Mr Speaker, thank you for the opportunity. I rise to contribute to the Statement on the cocoa sector by Hon Alex Tetteh Djornobua, Member of Parliament for Sefwi Akontombra.
Mr Speaker, Sefwi Wiawso Consti- tuency shares a boundary with Akontombra. The Statement raises very fundamental questions. The fundamental problem with the cocoa sector is market manipulation by the big players out there. And that is the “E= MC2” of all our problems.
I say this because, some 20 years ago, if one ate a bar of chocolate, about 20 per cent of that value came to us the farmers. Now, it is only six per cent that came to us. The market has been so manipulated that the big players in the downstream end of the industry earn a lot more than has been the historical norm.
Mr Speaker, currently, we are dealing with a huge debt of US$14 billion per annum. And the last time that I checked, less than US$4 billion came to the primary producers.
Mr Speaker, this manipulation has taken a turn which has had international repercussions. If one goes to Bahia in
Brazil, people are running away from cocoa. If one goes to Indonesia, cocoa has become the crop of the poor man. Malaysia has ceased to be a significant producer of cocoa because the bidding class have jettisoned cocoa and the same is happening in Ghana.
Mr Speaker, it also happened in Nigeria. That was accelerated by the discovery of oil. Sometimes, I shudder to think why we should be so obsessed with producing so much cocoa.
This is because, the paradox is that, if one produces one million metric tonnes of cocoa, the market would be depressed and we the farmers would become poorer. So, it is paradoxical. But the other side of the equation is that, West Africa produces on annual basis some 70 per cent of the cocoa crop in the world.
So, I would urge my Government, that while we do not exactly do manipulation, when we join forces — We can join the discourse with those at the end of the value chain so that we can strengthen the market. If we want the market to work well as we believe, then so be it. On the other hand, if there is going to be a cartel of manufacturers, then there should be a cartel of producers.
This is because, currently, our policy is pointing to what I call securing market share and not getting value for the cocoa farmer. This is because, if we produce 1.5 million metric tonnes now, as far as we the farmers are concerned, our income would collapse, and it is happening now.
Only last year — I have not seen the aggregate yet, but la Cote d'Ivoire produced close to two million metric tonnes or they have the capacity to produce more. So, we should sit down with them and carve out the market, otherwise, there can be no other middle way.
Mr Speaker, the other side of the equation is that, if we cast our minds back to some 30 years ago — and we are all witnesses to it, if we talked about a cocoa farmer, what conjured in a person's mind was somebody who was rich. Then we have the permanent type of poor cocoa farmer.
So, in the interim, I say that the regulators should look at efficiency and we would want to see the quantum of money which is going to the regulators from the management.
Mr Speaker, I am aware that a Minister of State — But during my vetting, I said that the idea of earmarking moneys of cocoa farmers to do infrastructure, specifically roads, is discriminatory.
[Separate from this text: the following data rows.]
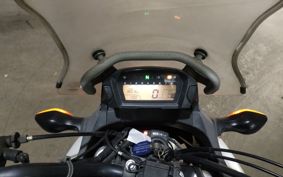 HONDA NC750X LD RC72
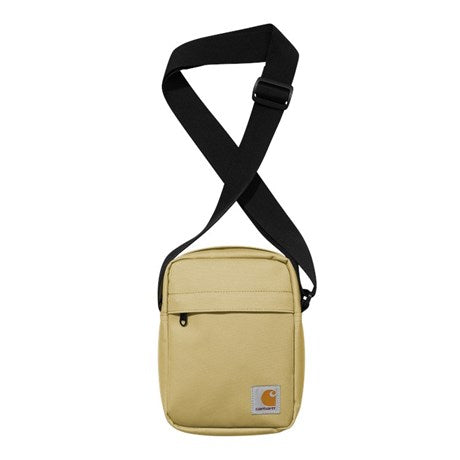 Carhartt WIP Jake Shoulder Pouch in Agate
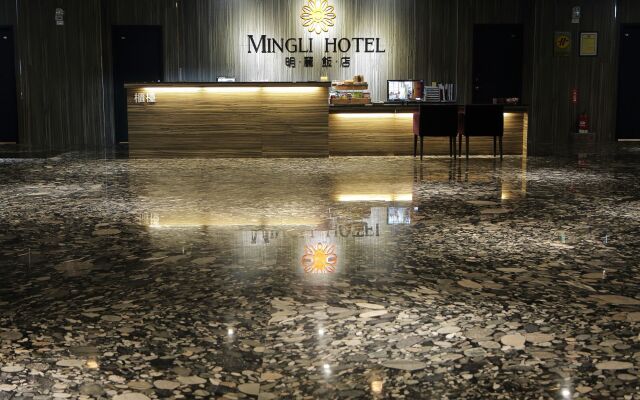 Mingli Hotel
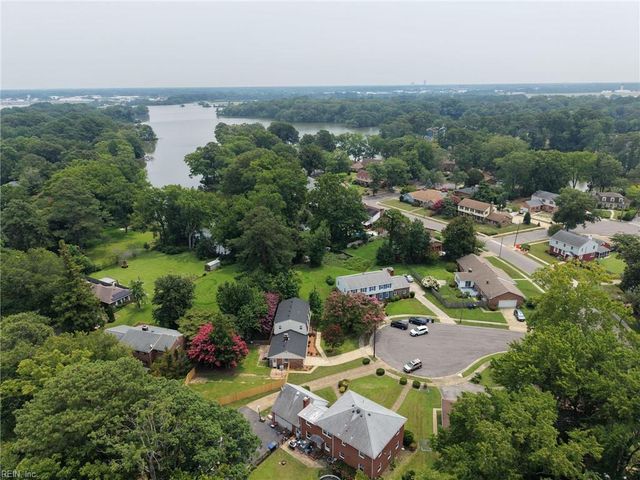 7688 Bull Run CT, Norfolk, VA 23518
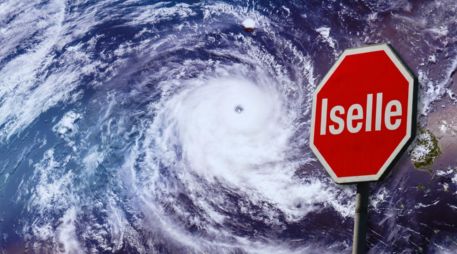 El SMN, en coordinación con la Conagua, confirmó este domingo 23 de agosto de 2026 la formación oficial de la tormenta tropical 
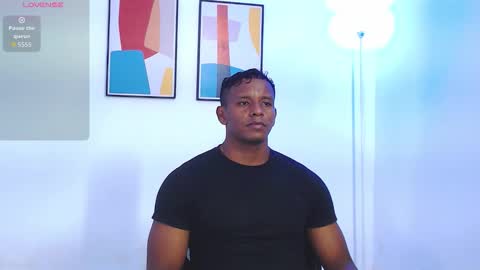 Snapshot of mulato_fit15 chatting on 10/02/25, 12:50 mulato online show from 10/02/25, 12:50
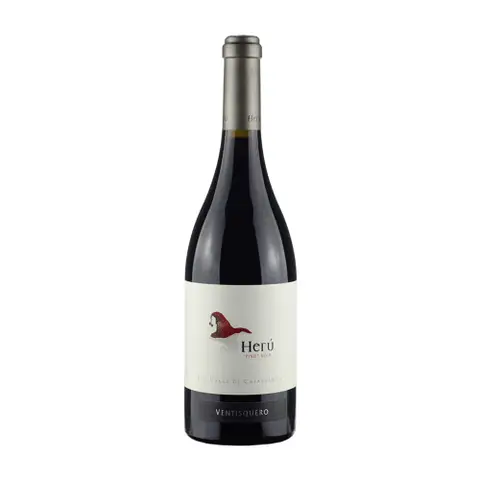 Vinho Ventisquero Heru Pinot Noir 750ml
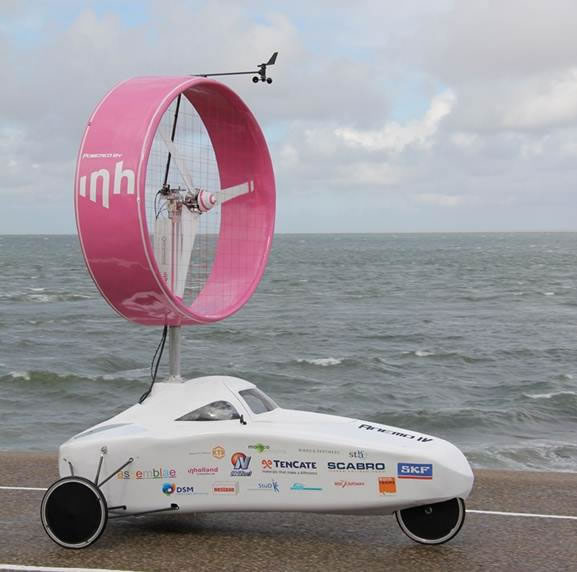 Hogeschool Inholland Delft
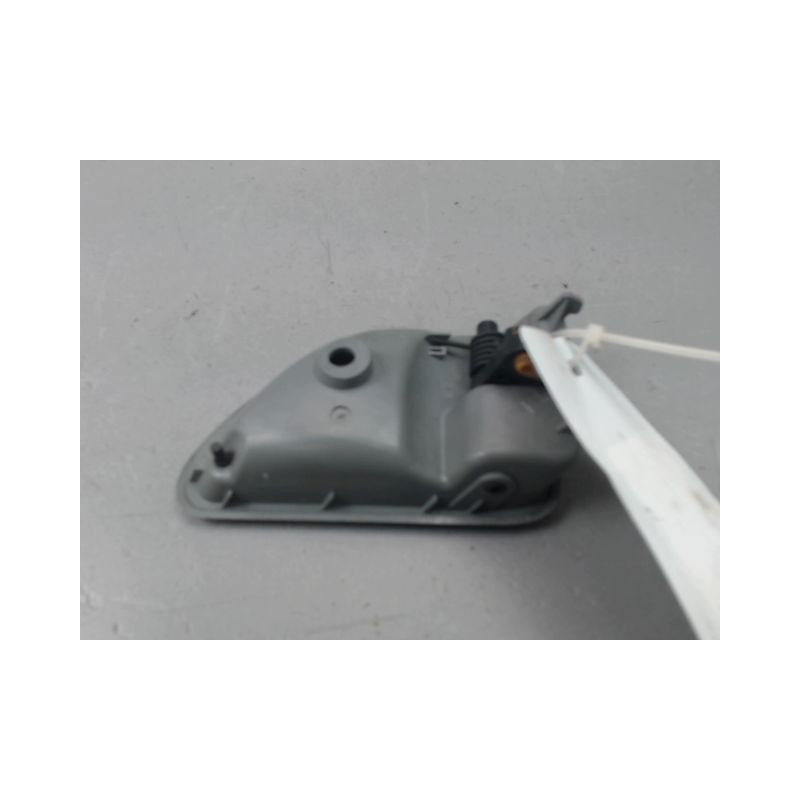 POIGNEE INTERIEURE PORTE AVANT GAUCHE RENAULT TWINGO I Phase 3 2000-2007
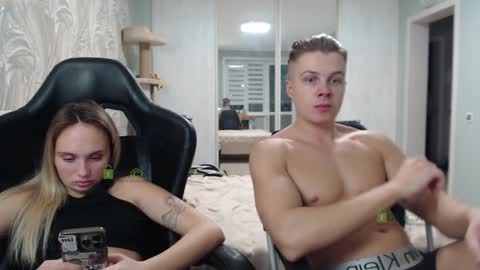 Alice and Sergey online show from 01-16-25, 11:48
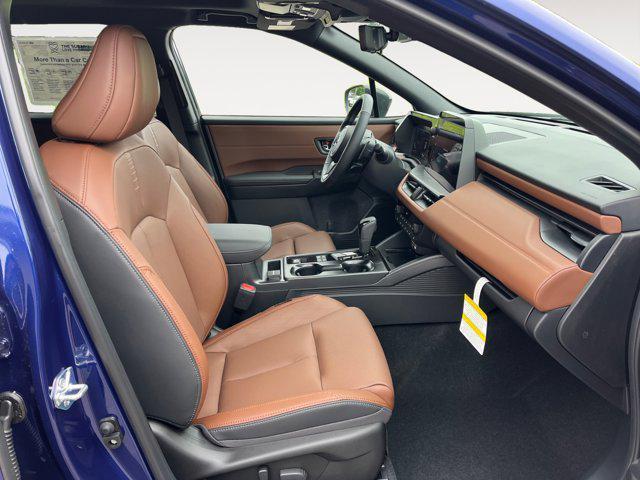 new 2026 Subaru Outback car, priced at $47,332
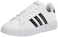 adidas Women's Grand Court 2.0 Tennis Shoe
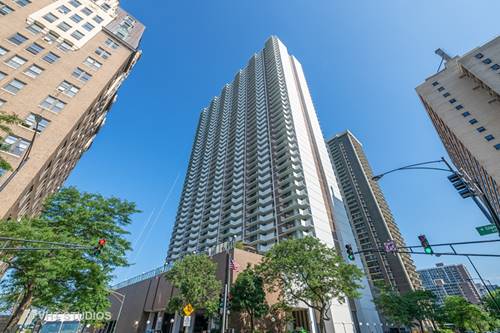 6033 N Sheridan Unit 32D, Chicago, IL 60660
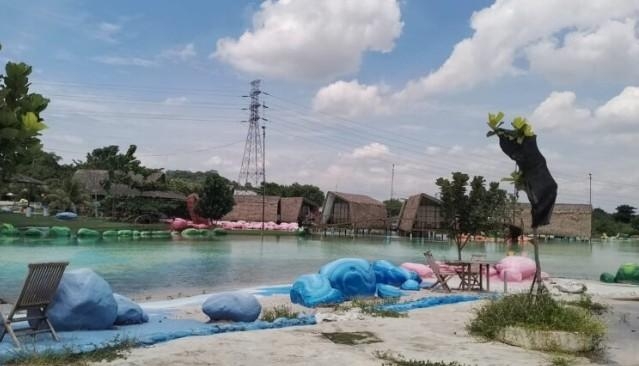 Cikao Park, Destinasi Favorit Keluarga di Penghujung Tahun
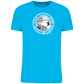 T-Shirt Algodão Biológico Selo Nazaré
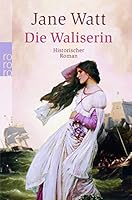 Die Waliserin 3499241889 Book Cover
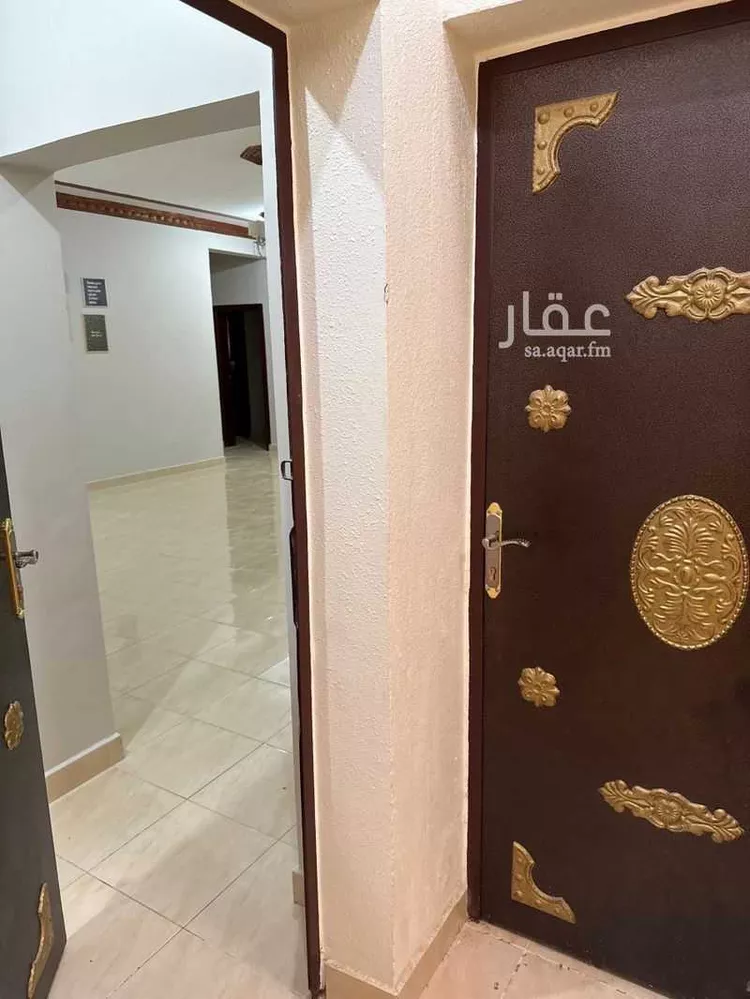 شقة للإيجار في حي الخزامي ، حائل ، منطقة حائل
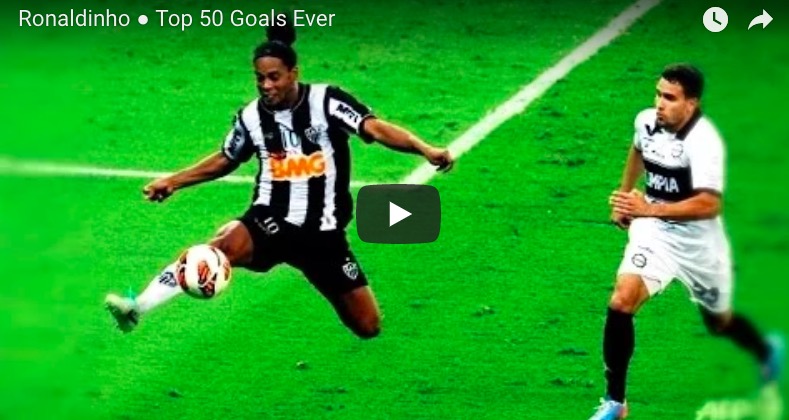 YOUTUBE-RONALDINHO-PARTITA-ADDIO
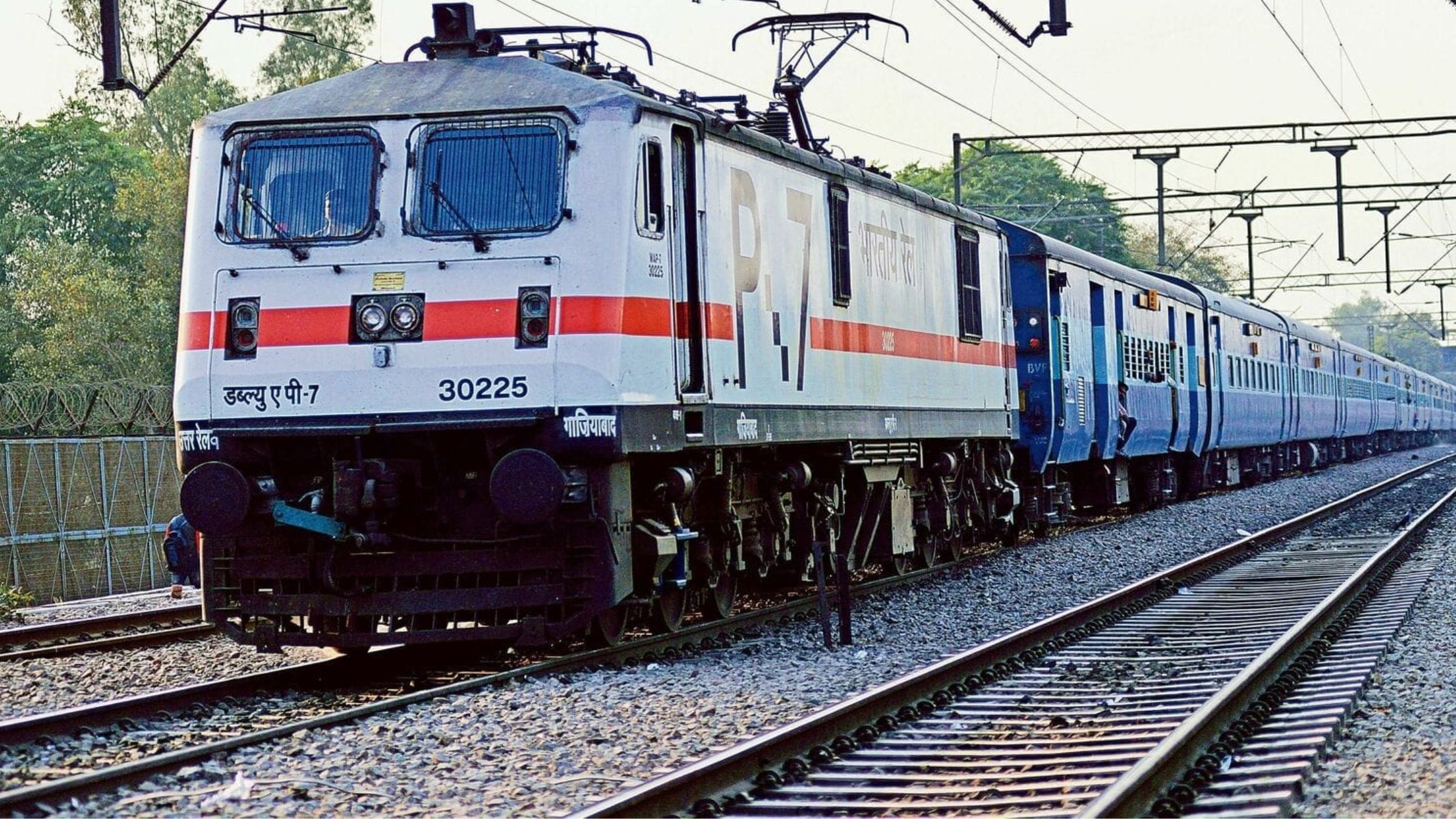 BJP's Ayodhya Darshan campaign: More than 100 special trains will run from Maharashtra to Ayodhya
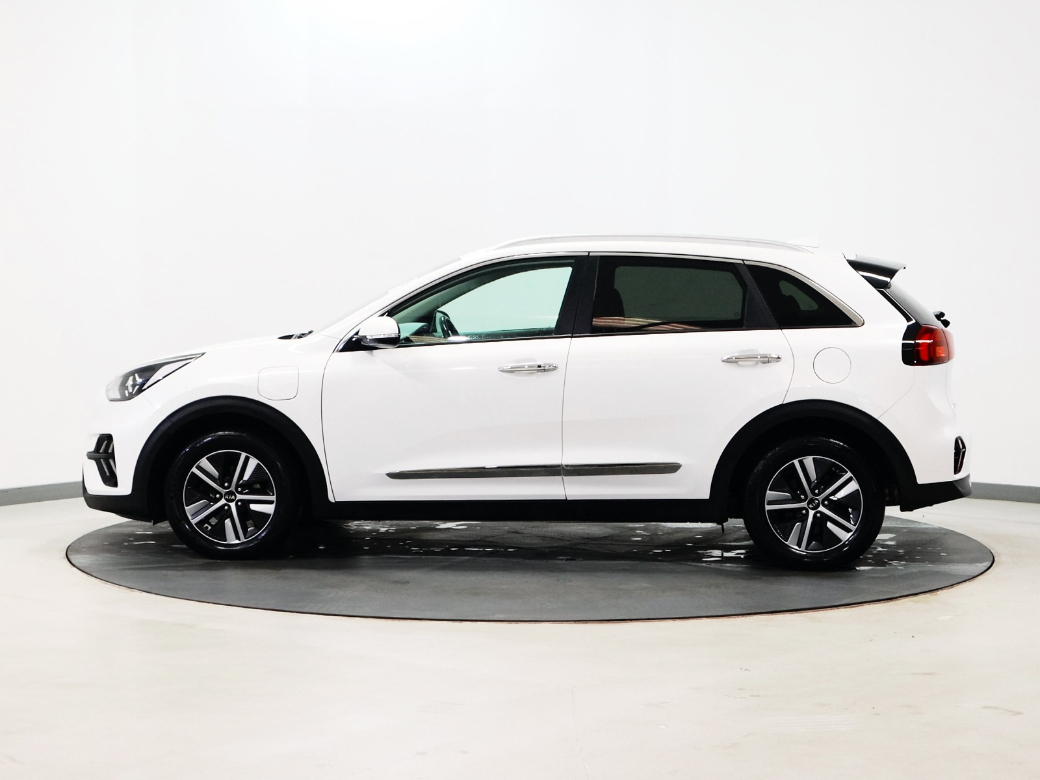 2021 Kia Niro
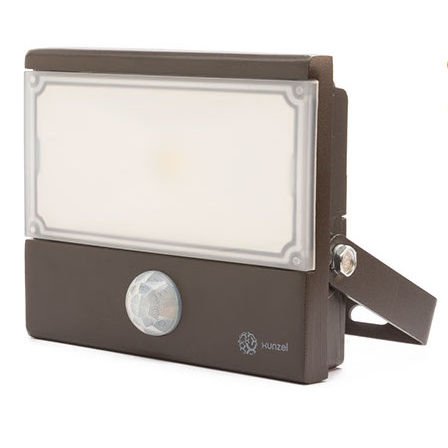 IP44投光灯 - GALAXXI+PIR™ - XUNZEL APPLIED SOLAR & WIND ENERGY - LED / 户外 / 室内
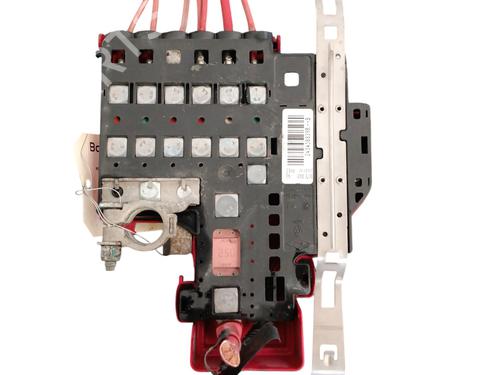 Electronic module RENAULT ZOE (BFM_) ZOE | BP37749040M83 - Image 3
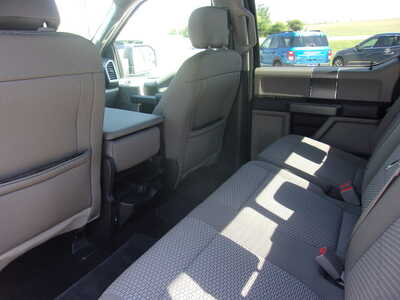2013 Ford F150 Crew Cab, $10500. Photo 10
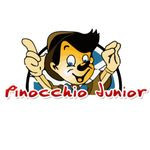 Pizzeria Pinocchio Junior Mönchengladbach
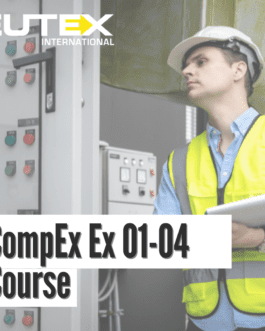 CompEx 01-04 In Person Training in Abu Dhabi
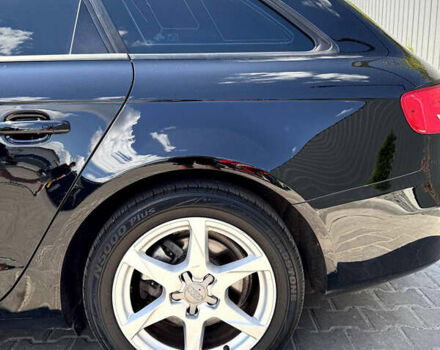 Черный Ауди А4, объемом двигателя 1.98 л и пробегом 276 тыс. км за 10900 $, фото 32 на Automoto.ua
We have built all sorts of infrastructures and still, cocoa farmers are inordinately taxed to do roads. I do not get it. It is discriminatory.
And so, at the peril of a critique in my own government, I would want to wager that, that policy would have to be looked at. Yes, cocoa roads would have to be done, but the financing should come from other sources. Maybe, the time has come for us Parliamentarians to contribute towards cocoa roads because the burden on cocoa farmers is just too much.
Mr Speaker, I have a lot to say, but I would want to end by saying that every problem brings in its way a unique opportunity. We have to sit down with our brothers in the sub-region. This is because I noticed that cocoa is a unique crop. In fact it can only be grown between latitude seven degrees on either side of the equator.
And even though Australia tried to experiment in cocoa growing in
Queensland in Northern Australia, it was a woeful failure. So, in anything that we do by addressing the market situation, we also owe it a duty to reduce the burden on cocoa farmers.
Mr Speaker, the industry, in spite of all the advances that have been made elsewhere, is fraught with primitive farming practices. I shudder to think that in the 21st Century, we still use our hands to crack cocoa pods while there exists technology out there. Some are even for free.
With the Australian example that I referred to, one of the products was that they were able to manufacture a motorised pod-cracking machinery. I have done a search and the patent is even for free.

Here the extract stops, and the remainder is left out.